RQ1. How does causal dominance between Bitcoin and gold manifest across different risk states represented by return distribution quantiles and across investment horizons defined in the frequency domain, and under which conditions does such dominance emerge in an economically meaningful manner? H1. Causal dominance between Bitcoin and gold does not appear uniformly across all quantiles and investment horizons; instead, statistically significant dominance arises only within specific quantile–frequency combinations.
RQ2. Does the quantile–frequency dependence of causal relationships differ systematically across endogenously identified market regimes, such as stress and normal states? H2. Quantile–frequency-based causal relationships between Bitcoin and gold are strongly regime-dependent: causal dominance becomes more pronounced under stress regimes, whereas it remains weak or fragmented under normal market conditions.
RQ3. Under lower quantiles associated with downside risk and during high-stress market regimes, which asset, gold or Bitcoin, predominates in directing market information flows?
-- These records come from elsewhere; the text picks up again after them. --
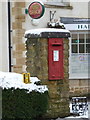 Halstock: postbox № BA22 88, Yeovil Road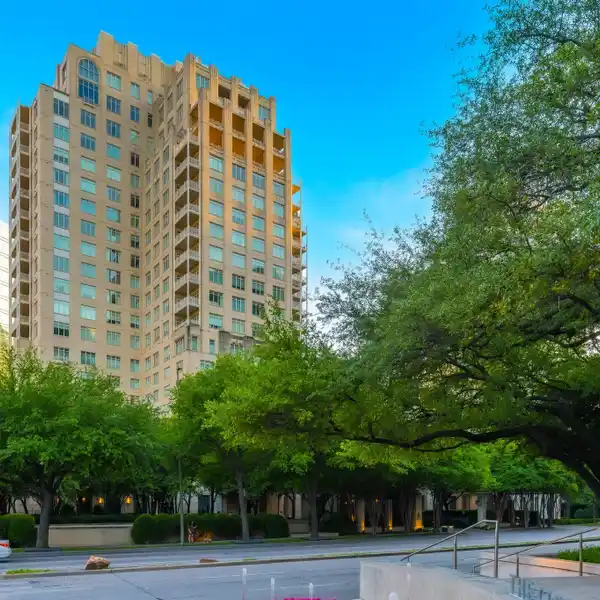 LUXURY UPTOWN CONDO WITH BREATHTAKING CITY VIEWS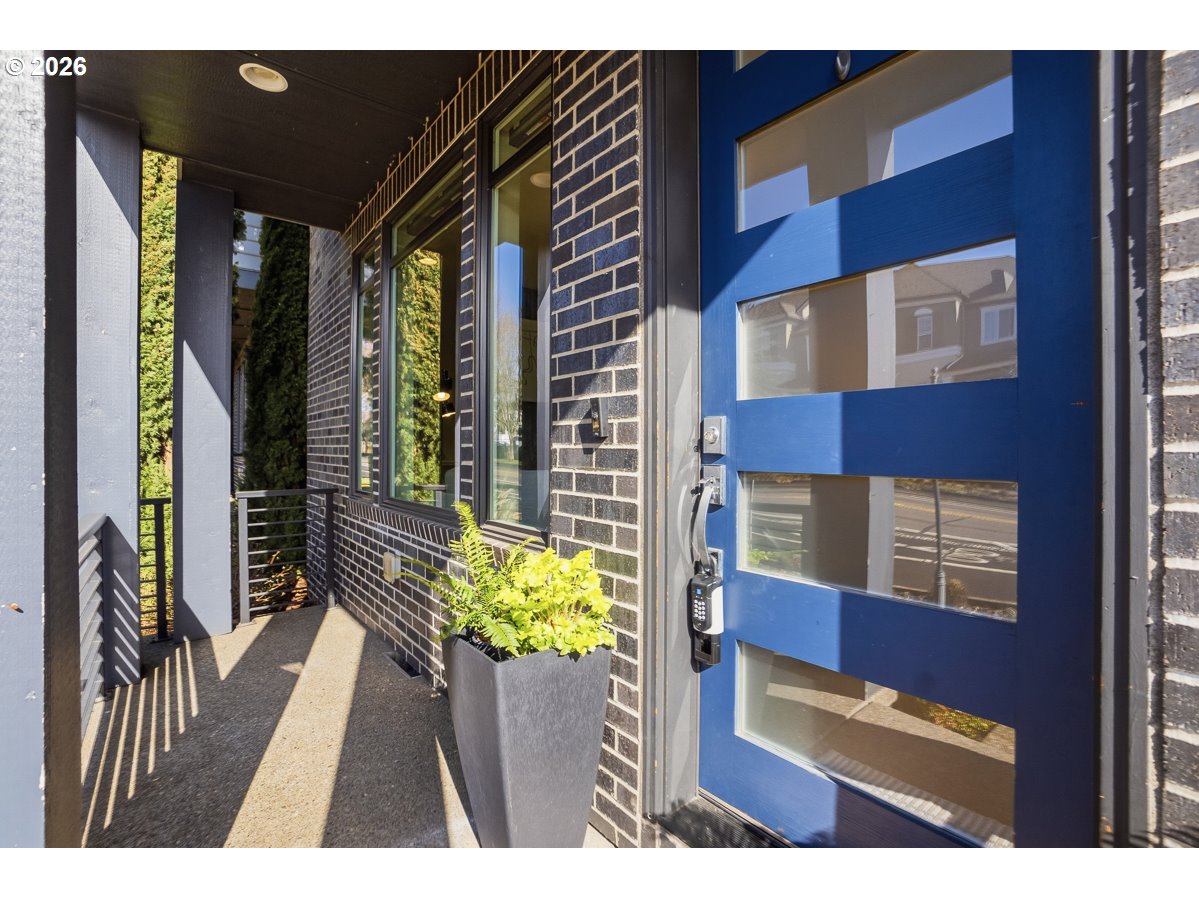 11375 Southwest Barber Street Wilsonville, OR 97070 - Photo 3 of 26 a view of an entryway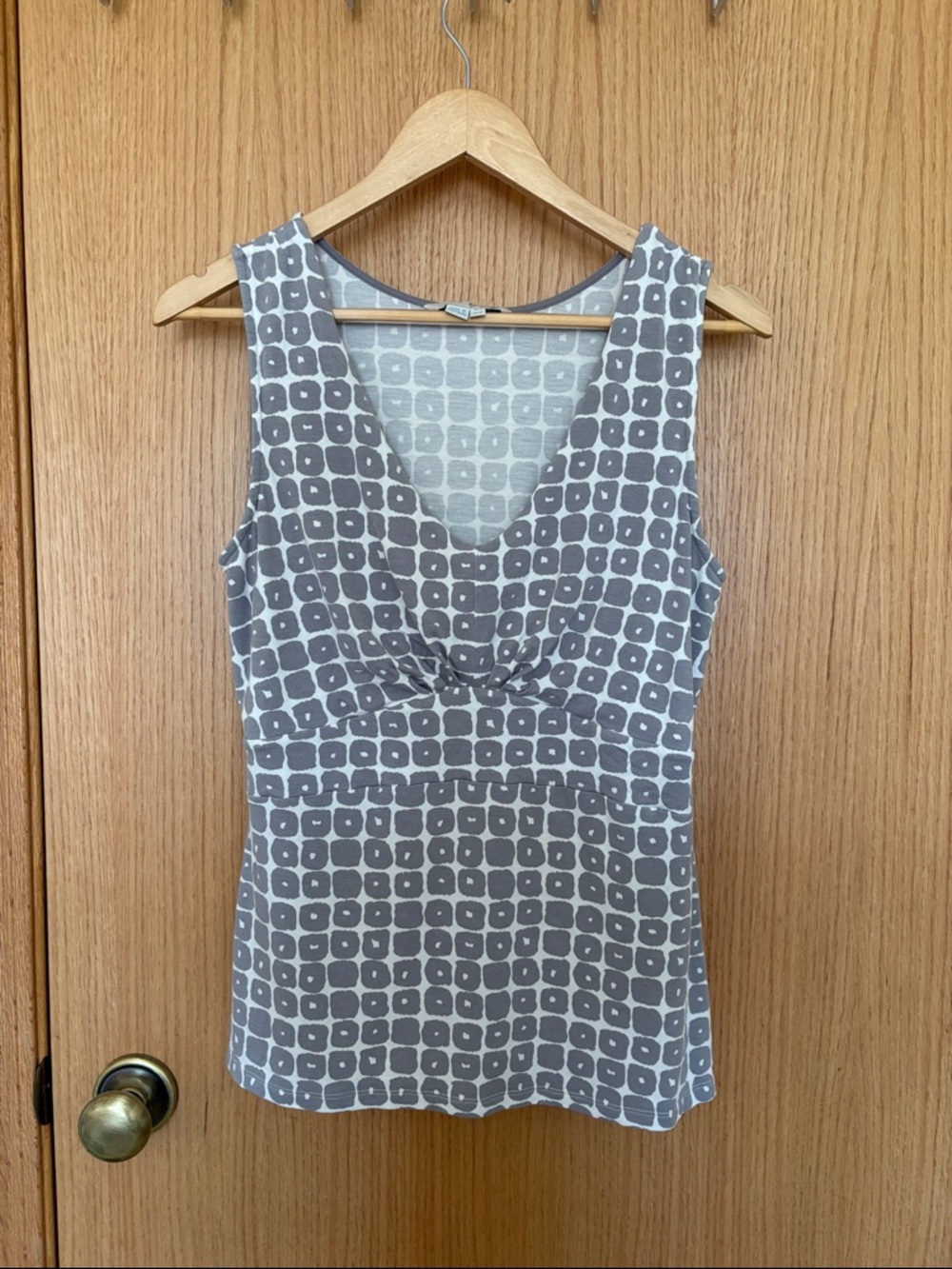 Boden Gray & White Patterned V-Neck Tank shell top size 12 geometric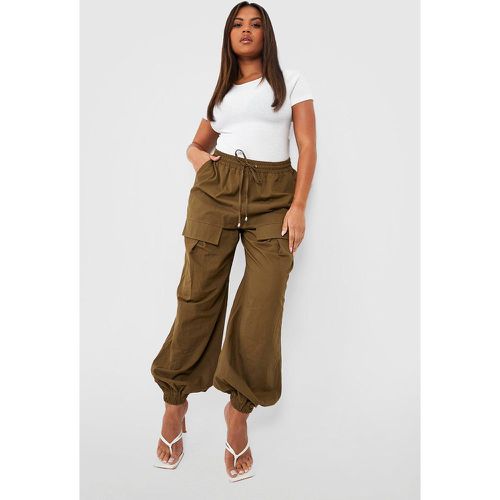 Grande Taille - Pantalon Jogging Cargo - boohoo - Modalova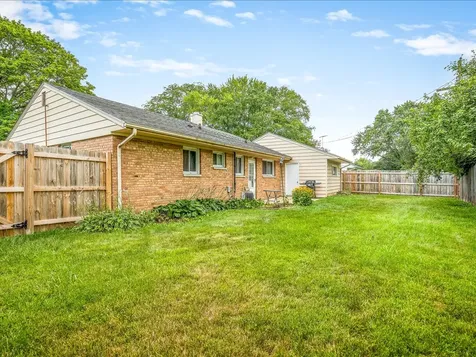 4210 Buckingham Drive Rockford IL 61107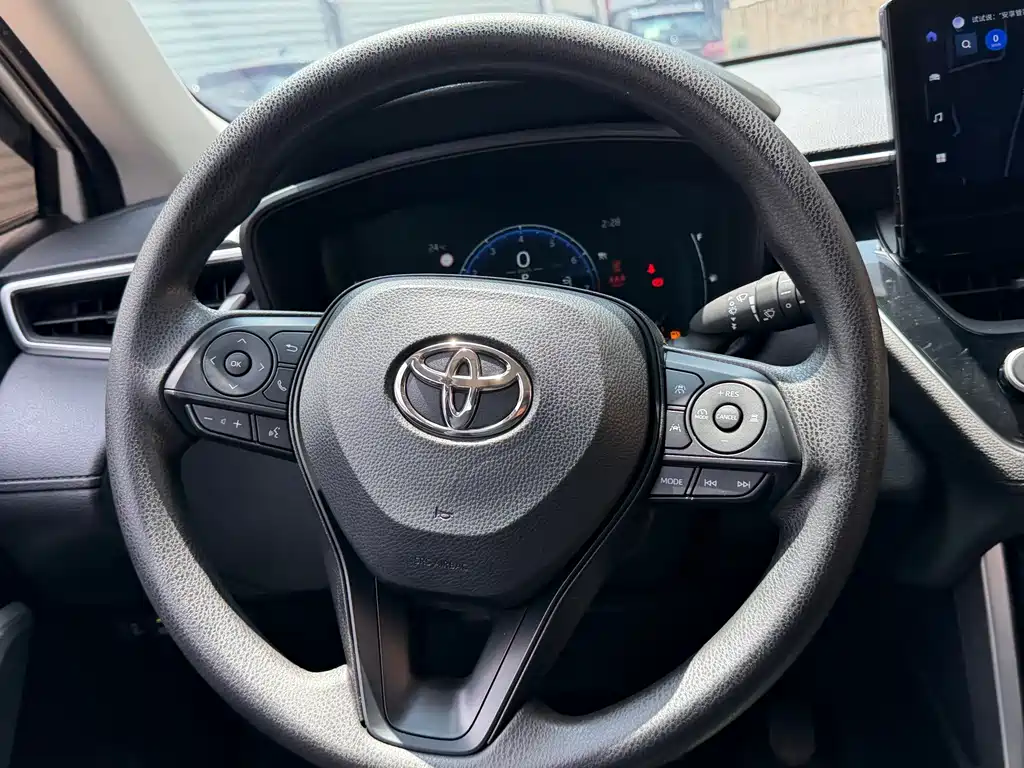 Toyota Corolla Cross 2023 — фото 9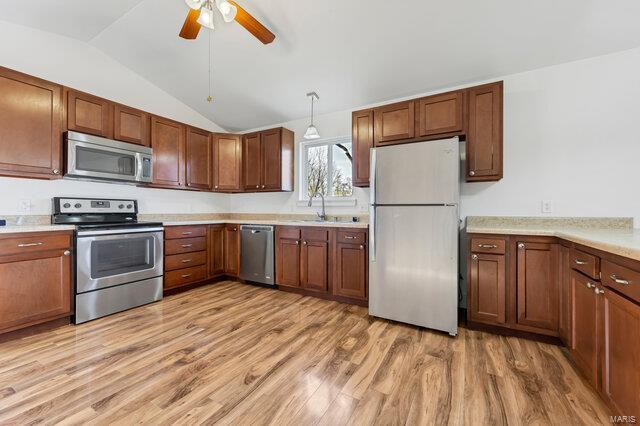 606 S Third Street Property Photo 10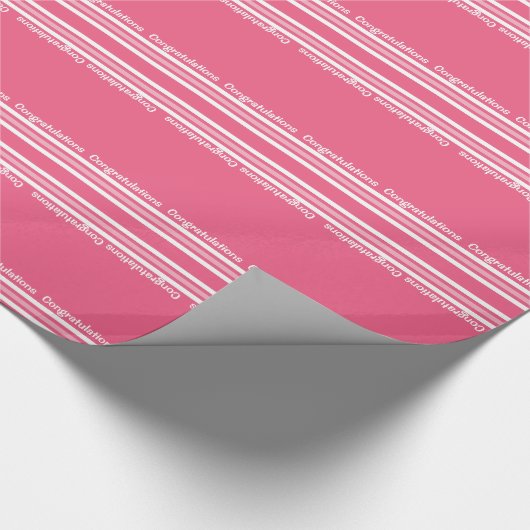 Roze en witte strepen gefeliciteerd cadeaupapier (Hoek)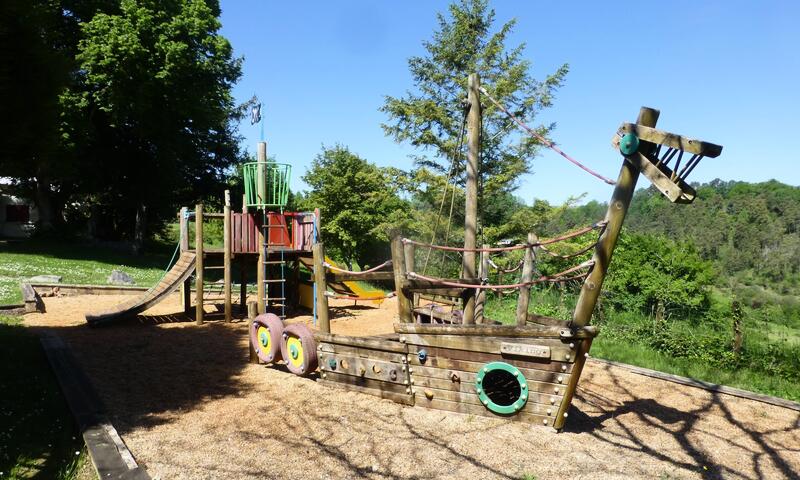 Flower Camping Les Terrasses de Dordogne *** - Rouffignac Saint-Cernin - 32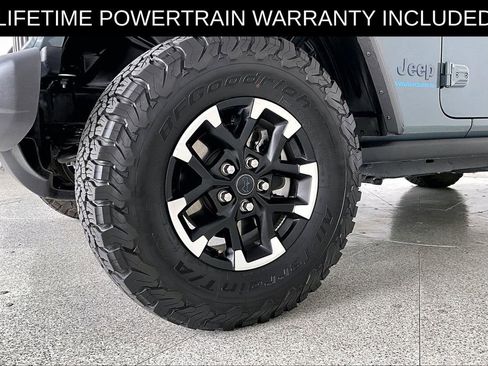 Used 2025 Jeep Wrangler Unlimited Rubicon 4xe AWD/4WD image 12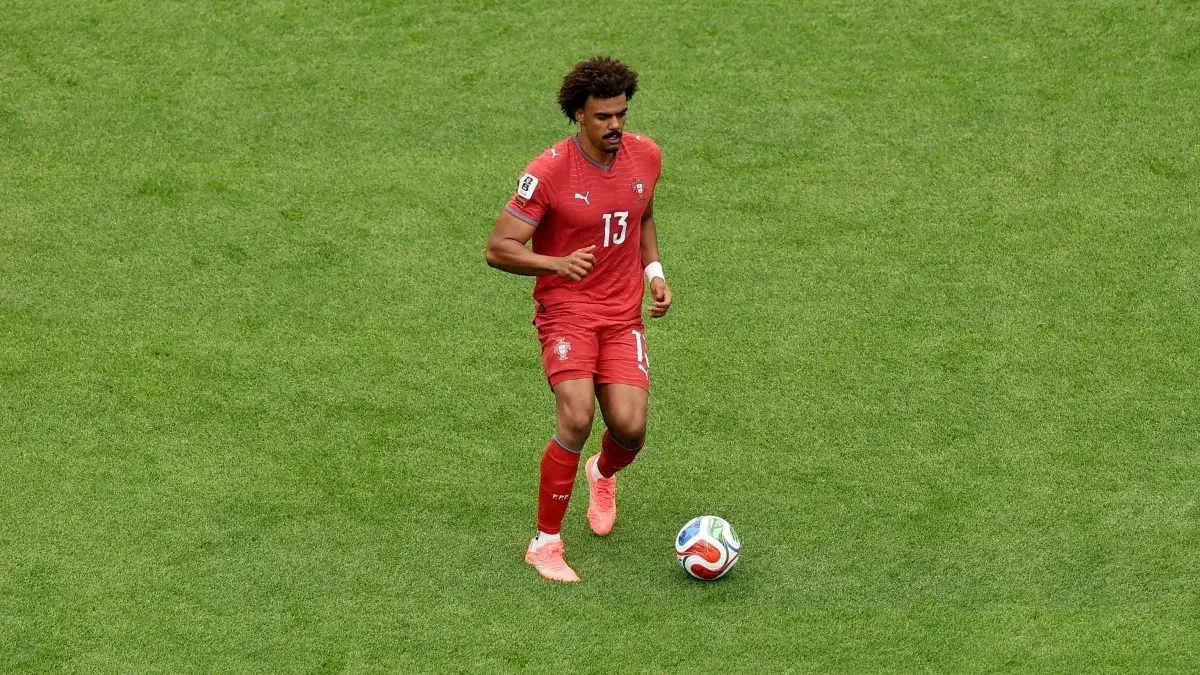 ما هي ديانة ريناتو فيغا؟.. سجود لاعب البرتغال في المونديال أثار تفاعلا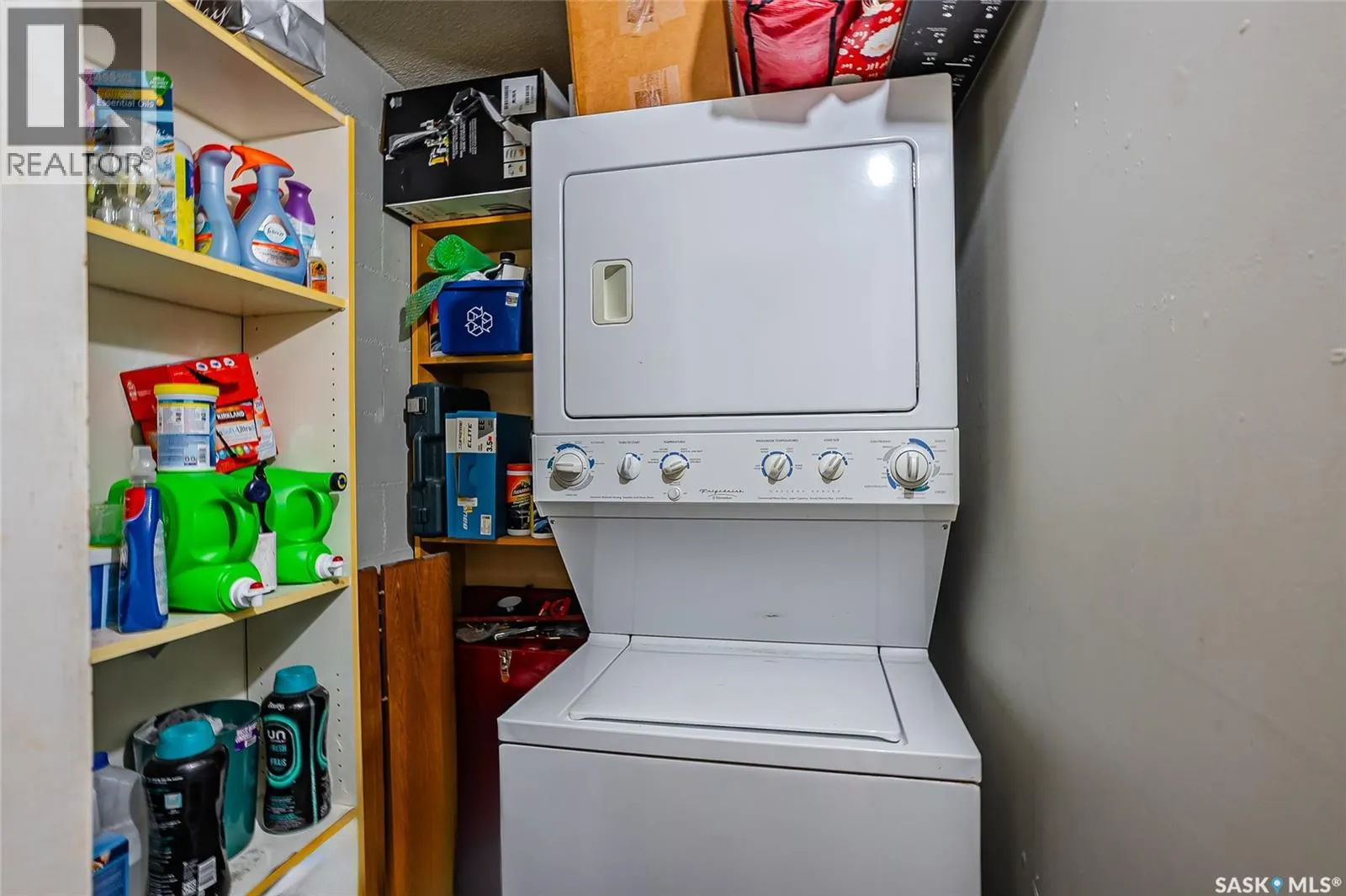 11 20 Assiniboine DRIVE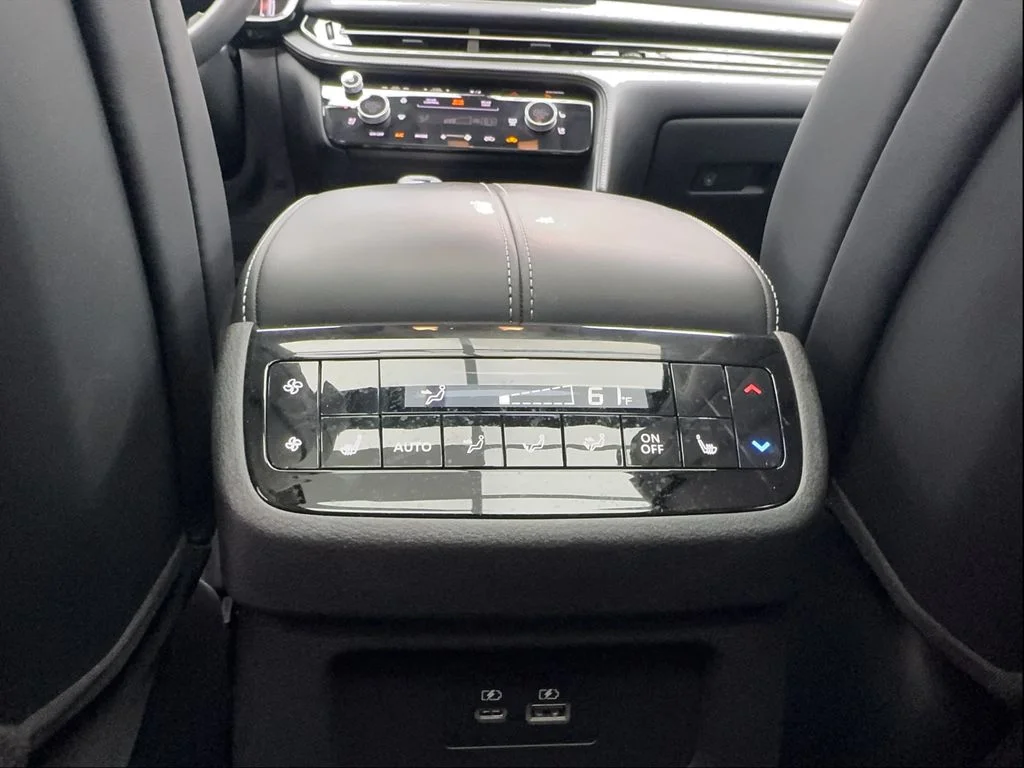 Used 2025 Gray INFINITI LUXE image 43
H3. Under high-stress regimes, gold exhibits stronger causal dominance over Bitcoin at longer investment horizons, with economically relevant implications for downside risk mitigation.
RQ4. Over which investment horizons, short, medium, or long, and under which market regimes, does Bitcoin exhibit characteristics consistent with the notion of “digital gold”? H4. The “digital gold” property of Bitcoin does not manifest uniformly across quantiles and horizons; rather, it emerges in a limited and conditional manner, primarily at longer investment horizons and during stress regimes, where Bitcoin’s behavior is shaped by the dominant causal influence of gold.